Ein konkretes System kann ich nicht empfehlen, ich denke da bist du an anderer Stelle besser beraten.

___
Raumoptimierung:

Durch eine geeignete Einrichtung des Raumes kann sowohl die Bildqualität als auch die Akustik entscheidend verbessert werden.

Um die Akustik zu verbessern, sollten Wände, Decke und Boden möglichst Schallabsorbierend sein, dadurch werden störende Schallreflexionen verhindert, der Effekt ist insbesondere bei teuren Soundsystemen erheblich!

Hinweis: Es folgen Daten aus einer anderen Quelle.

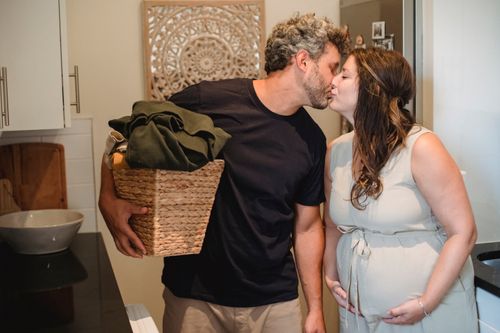 Free Happy adult man with laundry basket in hand kissing pregnant wife with closed eyes while standing together in bathroom Stock Photo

Um die Raumhelligkeit zu reduzieren und damit den effektiven Kontrast zu verbessern sollte der Raum außerdem möglichst dunkel sein. Eine gute Abdunkelung bringt eine wesentliche Verbesserung der effektiven Bildqualität.


----------



## TobiWahnKenobi (13. Januar 2014)

die haupt-immersions-störung bezgl. lags oder allgemein bildabfolge wird bei quak das SLi-system durch AFR und den zwang zu einer nVidias synctechniken mitbringen.

von der reinen geschwindigkeit im SGPU-betrieb (ob mit oder ohne sync) sind die DLPs die ich kenne, über alle zweifel erhaben. fast so gut, wie ein vg278 nur im stereo-betrieb aufgrund der guten bildtrennung komplett ohne ghosting.

bei 5 - 5.5m projektionsabstand würde es mich sehr überraschen, wenn eine 2.8m breite leinwand ausreichen würde. ich denke, da fehlen gute 40-60cm in der breite.

ansonsten setze ich den NEC mal auf meine amazon merkliste, liest sich ganz gut und mitte des jahres ist ja wieder ein beamer fällig.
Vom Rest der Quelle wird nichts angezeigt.